23rd Sunday in Ordinary Time   

            No matter how hard we try, we will never find ourselves in perfect harmony with others. If we stand for anything, there will be some people who will disagree with us, even vehemently. If we try to change something, some will not like it and will resist it, even fiercely. If we strive to accomplish something, we are going to offend some people. They will then make it their business not to get along with us.

            It is because of this that the actions of others – sometimes very real, sometimes imagined – threaten our worth, our freedom and reputation. We feel slighted and we want to get even. “It is not fair!” we say, and we fight back trying to recover our good reputation. That is why there are lovers’ quarrels, differences among friends, conflicts between husbands and wives, disputes among siblings, hatred among families, deep-seated division within a community.

            Jesus’ words in today’s gospel are very simple and to the point. He knows that his disciples will not always see eye to eye, and they will not always work together in total agreement. He knows there will be differences, arguments and disputes. He knows that feelings will be hurt; anger will be aroused; harsh words will be spoken; antagonism set in. If they are to love as he commands them, then they must settle these arguments, extend forgiveness and be reconciled with one another. (James Menapace)

            Few of us have the conviction and courage to put into practice the teaching of Jesus on fraternal (sisterly) correction. Ang madalas na ginagawa natin ay ang pag-usapan ang kapwa at ang pagkukulang o pagkakamali niya sa likuran niya – na laging nauuwi sa tsismis at paninira. Mas pinipili nating i-broadcast o ibunyag sa buong barangay ang ating puna o hinaing o grievance sa kapatid natin kaysa gawin ang mga hakbang na sinasabi ni Hesus. Well, engaging in gossip or back-biting is easier than following Jesus’ teaching in today’s gospel.

            Genuine care (love) shows itself in the interest we take for the welfare of others and in the help we offer them to be better Christians. Such a loving concern will sometimes also take the form of admonishing and warning someone who is doing evil. We must take responsibility to correct an erring brother or sister.

            Ang isang Kristiyano na tunay na nagmamahal at nagmamalasakit sa kapwa ay hindi nahihiya o natatakot na ituwid ang pagkakamali ng kapatid. However, we must keep in mind what somebody said about this matter: “People will not care what you know until they know that you care.” This is absolutely true in the context of fraternal (sisterly) correction. In admonishing and correcting a brother or a sister, we should really try first to make him or her feel our genuine care and concern – nothing less.

            St. Paul tells us in today’s second reading (from his Letter to the Romans): “Owe nothing to anyone, except to love one another…” Sa madaling sabi, isang bagay lang ang dapat maging dahilan o motibo natin sa pagtatama sa kapatid natin: PAG-IBIG.

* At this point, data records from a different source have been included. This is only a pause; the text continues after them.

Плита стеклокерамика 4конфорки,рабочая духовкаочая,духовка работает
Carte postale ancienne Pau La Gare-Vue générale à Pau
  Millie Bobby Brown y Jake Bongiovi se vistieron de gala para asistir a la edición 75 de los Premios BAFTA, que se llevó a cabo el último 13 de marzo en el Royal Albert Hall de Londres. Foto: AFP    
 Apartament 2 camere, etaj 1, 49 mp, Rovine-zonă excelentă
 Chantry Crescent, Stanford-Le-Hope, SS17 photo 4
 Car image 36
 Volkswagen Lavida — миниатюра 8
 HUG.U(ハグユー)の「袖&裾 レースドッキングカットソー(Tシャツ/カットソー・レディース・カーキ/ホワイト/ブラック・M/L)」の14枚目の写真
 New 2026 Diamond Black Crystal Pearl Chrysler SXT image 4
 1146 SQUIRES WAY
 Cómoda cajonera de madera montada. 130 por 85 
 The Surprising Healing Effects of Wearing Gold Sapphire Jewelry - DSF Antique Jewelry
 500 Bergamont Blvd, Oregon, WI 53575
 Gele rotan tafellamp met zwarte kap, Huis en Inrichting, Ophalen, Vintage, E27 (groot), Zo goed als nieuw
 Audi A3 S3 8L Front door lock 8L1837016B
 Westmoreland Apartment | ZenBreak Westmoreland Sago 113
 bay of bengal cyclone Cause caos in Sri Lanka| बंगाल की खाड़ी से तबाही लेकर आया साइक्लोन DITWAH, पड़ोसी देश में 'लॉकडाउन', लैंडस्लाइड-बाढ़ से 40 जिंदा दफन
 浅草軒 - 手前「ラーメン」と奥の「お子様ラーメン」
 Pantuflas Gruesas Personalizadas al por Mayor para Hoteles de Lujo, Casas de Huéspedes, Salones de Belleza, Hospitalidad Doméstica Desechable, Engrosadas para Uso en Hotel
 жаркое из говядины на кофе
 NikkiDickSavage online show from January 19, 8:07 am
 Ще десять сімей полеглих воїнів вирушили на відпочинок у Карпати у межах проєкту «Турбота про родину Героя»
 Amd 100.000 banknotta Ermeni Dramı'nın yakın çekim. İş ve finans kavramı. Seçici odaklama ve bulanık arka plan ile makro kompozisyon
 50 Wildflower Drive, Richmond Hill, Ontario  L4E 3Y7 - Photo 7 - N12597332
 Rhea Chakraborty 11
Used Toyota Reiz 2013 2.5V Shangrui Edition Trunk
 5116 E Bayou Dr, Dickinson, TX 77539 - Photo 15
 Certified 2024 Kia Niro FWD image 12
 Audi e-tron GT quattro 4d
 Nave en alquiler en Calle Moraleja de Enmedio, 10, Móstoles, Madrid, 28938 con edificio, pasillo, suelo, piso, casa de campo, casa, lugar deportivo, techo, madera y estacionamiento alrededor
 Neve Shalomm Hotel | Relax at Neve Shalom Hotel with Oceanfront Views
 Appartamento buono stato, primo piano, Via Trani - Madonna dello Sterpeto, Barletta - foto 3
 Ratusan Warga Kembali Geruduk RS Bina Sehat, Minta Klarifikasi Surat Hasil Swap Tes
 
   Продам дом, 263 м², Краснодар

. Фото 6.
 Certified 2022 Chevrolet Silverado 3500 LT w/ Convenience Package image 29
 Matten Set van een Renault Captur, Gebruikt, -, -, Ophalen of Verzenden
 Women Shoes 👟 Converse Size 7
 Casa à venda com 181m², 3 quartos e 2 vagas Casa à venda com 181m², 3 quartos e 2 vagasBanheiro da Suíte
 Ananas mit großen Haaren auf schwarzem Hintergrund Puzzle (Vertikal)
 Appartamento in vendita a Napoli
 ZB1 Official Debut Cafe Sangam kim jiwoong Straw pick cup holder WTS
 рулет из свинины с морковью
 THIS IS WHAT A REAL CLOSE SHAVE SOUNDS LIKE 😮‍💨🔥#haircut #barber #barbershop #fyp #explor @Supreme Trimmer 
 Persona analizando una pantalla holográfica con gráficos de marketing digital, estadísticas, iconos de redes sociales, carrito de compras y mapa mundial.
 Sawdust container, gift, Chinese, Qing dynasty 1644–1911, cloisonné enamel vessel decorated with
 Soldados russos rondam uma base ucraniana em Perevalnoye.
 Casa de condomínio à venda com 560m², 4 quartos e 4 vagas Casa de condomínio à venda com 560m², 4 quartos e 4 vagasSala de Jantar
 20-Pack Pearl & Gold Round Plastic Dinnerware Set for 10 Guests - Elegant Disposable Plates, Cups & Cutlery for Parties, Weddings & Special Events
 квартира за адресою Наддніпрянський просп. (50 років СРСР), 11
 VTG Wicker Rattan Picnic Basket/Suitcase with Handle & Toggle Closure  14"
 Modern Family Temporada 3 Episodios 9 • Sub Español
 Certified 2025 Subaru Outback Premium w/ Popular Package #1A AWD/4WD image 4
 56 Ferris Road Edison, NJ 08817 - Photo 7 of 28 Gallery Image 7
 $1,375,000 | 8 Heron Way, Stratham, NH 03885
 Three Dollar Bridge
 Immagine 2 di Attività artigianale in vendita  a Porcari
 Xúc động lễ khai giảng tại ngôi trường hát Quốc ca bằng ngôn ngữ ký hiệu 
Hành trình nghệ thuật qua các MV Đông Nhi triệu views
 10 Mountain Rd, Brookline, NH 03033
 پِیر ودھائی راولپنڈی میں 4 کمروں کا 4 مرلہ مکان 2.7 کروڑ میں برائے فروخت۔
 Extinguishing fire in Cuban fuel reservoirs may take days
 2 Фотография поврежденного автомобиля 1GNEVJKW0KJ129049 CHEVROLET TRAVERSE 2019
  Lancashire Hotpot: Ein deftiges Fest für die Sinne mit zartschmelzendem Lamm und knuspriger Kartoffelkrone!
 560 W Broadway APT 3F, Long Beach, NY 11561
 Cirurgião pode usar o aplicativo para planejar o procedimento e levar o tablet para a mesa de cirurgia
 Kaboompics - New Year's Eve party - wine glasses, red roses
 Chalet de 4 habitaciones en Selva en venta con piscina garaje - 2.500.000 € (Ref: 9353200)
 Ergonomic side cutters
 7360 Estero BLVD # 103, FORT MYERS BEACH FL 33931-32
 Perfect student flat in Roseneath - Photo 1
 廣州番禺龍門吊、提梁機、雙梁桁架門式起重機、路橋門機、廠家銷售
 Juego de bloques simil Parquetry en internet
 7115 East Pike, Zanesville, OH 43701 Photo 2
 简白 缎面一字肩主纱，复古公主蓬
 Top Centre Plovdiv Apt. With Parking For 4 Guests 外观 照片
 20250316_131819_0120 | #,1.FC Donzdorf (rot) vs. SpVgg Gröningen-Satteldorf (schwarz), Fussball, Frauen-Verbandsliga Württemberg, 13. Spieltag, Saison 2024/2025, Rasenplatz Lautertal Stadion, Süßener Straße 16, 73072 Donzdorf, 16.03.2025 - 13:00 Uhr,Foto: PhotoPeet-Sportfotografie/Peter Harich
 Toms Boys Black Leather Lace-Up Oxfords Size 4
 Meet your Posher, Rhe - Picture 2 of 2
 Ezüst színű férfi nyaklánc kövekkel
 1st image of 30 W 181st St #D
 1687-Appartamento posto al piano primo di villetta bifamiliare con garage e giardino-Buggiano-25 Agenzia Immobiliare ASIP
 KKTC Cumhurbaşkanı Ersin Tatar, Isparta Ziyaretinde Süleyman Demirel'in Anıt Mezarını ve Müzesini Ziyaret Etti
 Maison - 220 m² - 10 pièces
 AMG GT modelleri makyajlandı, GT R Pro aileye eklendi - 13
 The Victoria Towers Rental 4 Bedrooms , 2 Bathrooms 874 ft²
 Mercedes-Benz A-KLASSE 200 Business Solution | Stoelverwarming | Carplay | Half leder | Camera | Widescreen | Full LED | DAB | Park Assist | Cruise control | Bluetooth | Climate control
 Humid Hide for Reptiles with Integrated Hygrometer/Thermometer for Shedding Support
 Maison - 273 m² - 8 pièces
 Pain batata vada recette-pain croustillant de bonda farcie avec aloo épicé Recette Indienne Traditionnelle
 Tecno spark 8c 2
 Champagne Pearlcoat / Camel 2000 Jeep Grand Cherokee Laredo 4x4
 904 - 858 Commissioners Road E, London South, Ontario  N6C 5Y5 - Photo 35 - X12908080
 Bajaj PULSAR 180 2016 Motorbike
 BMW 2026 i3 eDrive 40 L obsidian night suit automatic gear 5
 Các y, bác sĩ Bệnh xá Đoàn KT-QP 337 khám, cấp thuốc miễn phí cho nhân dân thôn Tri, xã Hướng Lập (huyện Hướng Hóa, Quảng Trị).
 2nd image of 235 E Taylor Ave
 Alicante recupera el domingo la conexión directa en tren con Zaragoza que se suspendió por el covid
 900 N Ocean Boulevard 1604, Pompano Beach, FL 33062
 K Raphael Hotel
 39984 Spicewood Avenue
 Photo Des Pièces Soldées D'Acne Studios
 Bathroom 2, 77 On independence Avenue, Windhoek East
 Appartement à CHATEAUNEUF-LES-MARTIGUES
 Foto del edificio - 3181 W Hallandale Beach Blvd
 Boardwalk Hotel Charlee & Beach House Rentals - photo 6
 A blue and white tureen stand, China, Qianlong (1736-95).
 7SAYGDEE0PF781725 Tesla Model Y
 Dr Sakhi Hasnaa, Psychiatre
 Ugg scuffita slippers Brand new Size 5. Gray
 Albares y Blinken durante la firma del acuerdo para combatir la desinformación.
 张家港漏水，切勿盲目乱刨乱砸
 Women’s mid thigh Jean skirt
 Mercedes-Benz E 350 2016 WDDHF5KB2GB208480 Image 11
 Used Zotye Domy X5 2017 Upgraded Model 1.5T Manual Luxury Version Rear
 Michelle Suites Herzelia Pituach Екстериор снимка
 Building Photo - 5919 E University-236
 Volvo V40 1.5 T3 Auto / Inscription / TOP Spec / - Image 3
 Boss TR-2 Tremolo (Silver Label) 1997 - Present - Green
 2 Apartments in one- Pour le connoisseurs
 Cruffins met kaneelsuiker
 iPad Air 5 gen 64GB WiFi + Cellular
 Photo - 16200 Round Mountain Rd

            When you and I come to the end of our days, just remember this – I am just paraphrasing a reflection I have read: God will not ask what kind of car we drove…He will ask how many people we helped get where they needed to go. God will not ask how big our house was…He will ask how many people we welcomed into our home. God will not ask how what neighborhood we lived in…He will ask how we treated our neighbors. God will not ask how many fences we made…He will ask how many bridges we built. Sad to say, we are more preoccupied with having cars and mansions, and with gaining social status and privilege, than with establishing and maintaining meaningful and healthy human relationships, and with mending and restoring broken relationships through Christian dialogue and reconciliation. We seem to be working more to build fences and walls that separate or set us apart from one another.

            However, the Lord wants us to build a bridge between us and a brother or a sister we are in conflict with. Today’s gospel reading is a practical instruction on how to build such a bridge. We must reach out to an erring brother or sister, we must take the initiative or the first step in the process of reconciliation. We must do so in the spirit of humility and charity, knowing that we are responsible for one another.

            Repeating the words of St. Paul in today’s second reading: “Love does no evil to the neighbor.” We are to love our neighbor as we love ourselves. Our love for our neighbor must be a forgiving, healing and reconciling love.